Putin’in Moğolistan Ziyareti ve Tarihi Anlamı
Rusya Devlet Başkanı Vladimir Putin, 2023 yılından bu yana ilk kez Moğolistan’ı ziyaret ederek iki ülke arasındaki tarihi bağları ve stratejik işbirliğini güçlendirmeye yönelik adımlar attı. Moğolistan’ın başkenti Ulanbator’da Cumhurbaşkanı Uhnaagiin Hürelsüh ile bir araya gelen Putin, hem iki ülke arasındaki ticaret hacmindeki artışı vurguladı hem de enerji ve altyapı projeleri kapsamında imzalanan yeni anlaşmaların önemine değindi.
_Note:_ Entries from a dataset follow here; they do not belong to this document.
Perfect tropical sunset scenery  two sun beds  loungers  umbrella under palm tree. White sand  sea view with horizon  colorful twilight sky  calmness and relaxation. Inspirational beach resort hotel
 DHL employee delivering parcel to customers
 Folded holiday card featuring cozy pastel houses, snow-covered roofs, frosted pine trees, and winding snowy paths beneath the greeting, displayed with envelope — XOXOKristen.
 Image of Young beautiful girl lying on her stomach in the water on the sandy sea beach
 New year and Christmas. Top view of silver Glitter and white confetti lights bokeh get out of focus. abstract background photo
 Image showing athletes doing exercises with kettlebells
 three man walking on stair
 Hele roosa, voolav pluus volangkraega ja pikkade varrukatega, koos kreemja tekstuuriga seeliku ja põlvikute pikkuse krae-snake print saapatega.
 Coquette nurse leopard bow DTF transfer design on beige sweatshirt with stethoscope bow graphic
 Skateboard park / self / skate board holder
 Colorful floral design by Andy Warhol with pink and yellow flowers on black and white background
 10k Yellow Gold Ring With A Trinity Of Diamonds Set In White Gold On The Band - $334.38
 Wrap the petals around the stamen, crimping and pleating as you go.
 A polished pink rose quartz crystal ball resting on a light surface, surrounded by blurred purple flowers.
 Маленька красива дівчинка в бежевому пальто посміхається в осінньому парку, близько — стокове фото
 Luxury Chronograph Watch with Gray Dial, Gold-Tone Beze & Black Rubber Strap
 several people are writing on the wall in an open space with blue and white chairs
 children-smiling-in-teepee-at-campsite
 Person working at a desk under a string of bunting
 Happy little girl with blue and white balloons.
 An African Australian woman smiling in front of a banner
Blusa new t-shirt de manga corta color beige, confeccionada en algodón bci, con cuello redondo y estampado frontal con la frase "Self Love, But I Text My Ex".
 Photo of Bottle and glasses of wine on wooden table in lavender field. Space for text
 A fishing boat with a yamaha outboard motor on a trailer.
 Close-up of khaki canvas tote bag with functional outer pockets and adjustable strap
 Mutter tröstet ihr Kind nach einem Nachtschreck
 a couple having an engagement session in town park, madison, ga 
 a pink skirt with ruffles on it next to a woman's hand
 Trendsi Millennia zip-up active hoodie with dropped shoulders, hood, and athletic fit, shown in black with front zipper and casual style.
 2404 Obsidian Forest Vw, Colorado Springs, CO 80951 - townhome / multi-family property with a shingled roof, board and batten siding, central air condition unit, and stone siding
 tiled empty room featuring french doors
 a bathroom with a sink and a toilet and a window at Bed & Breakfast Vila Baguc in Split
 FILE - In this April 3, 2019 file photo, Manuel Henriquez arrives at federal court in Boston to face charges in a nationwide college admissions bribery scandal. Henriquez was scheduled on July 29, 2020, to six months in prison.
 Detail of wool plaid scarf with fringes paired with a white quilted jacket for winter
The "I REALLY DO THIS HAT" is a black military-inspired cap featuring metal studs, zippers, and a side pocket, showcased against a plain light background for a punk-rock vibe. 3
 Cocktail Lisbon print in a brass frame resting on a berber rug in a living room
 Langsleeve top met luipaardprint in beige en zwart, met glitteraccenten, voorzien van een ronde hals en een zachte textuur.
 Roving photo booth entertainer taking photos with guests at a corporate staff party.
Görüşmede Moğolistan'ın bağımsızlık, çok yönlü dış politika anlayışı ve BM’nin uluslararası ilişkilerdeki rolü ele alındı. Putin ayrıca, 2024’te düzenlenecek BRICS Zirvesi’ne ve 2025’te Moskova’da gerçekleştirilecek Zafer Günü kutlamalarına Hürelsüh’ü davet etti.
(Ведомости, “Владимир Путин пробыл в Монголии два дня: чему был посвящен официальный визит”, (03.09.2024))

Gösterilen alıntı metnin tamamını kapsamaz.